We May Finally Understand the Moments Before the Big Bang


By Tim Childers an hour ago



An artist's interpretation of the Big Bang.
(Image: NASA's Goddard Space Flight Center/CI Lab)

There's a hole in the story of how our universe came to be. First, the universe inflated rapidly, like a balloon. Then, everything went boom.

But how those two periods are connected has eluded physicists. Now, a new study suggests a way to link the two epochs.
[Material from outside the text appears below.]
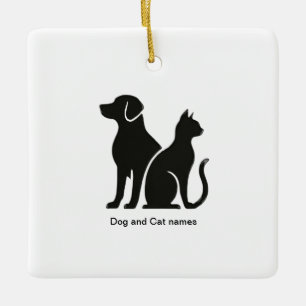 Ornement En Céramique Conception de boho de chien et de chat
In the first period, the universe grew from an almost infinitely small point to nearly an octillion (that's a 1 followed by 27 zeros) times that in size in less than a trillionth of a second. This inflation period was followed by a more gradual, but violent, period of expansion we know as the Big Bang. During the Big Bang, an incredibly hot fireball of fundamental particles such as protons, neutrons and electrons expanded and cooled to form the atoms, stars and galaxies we see today.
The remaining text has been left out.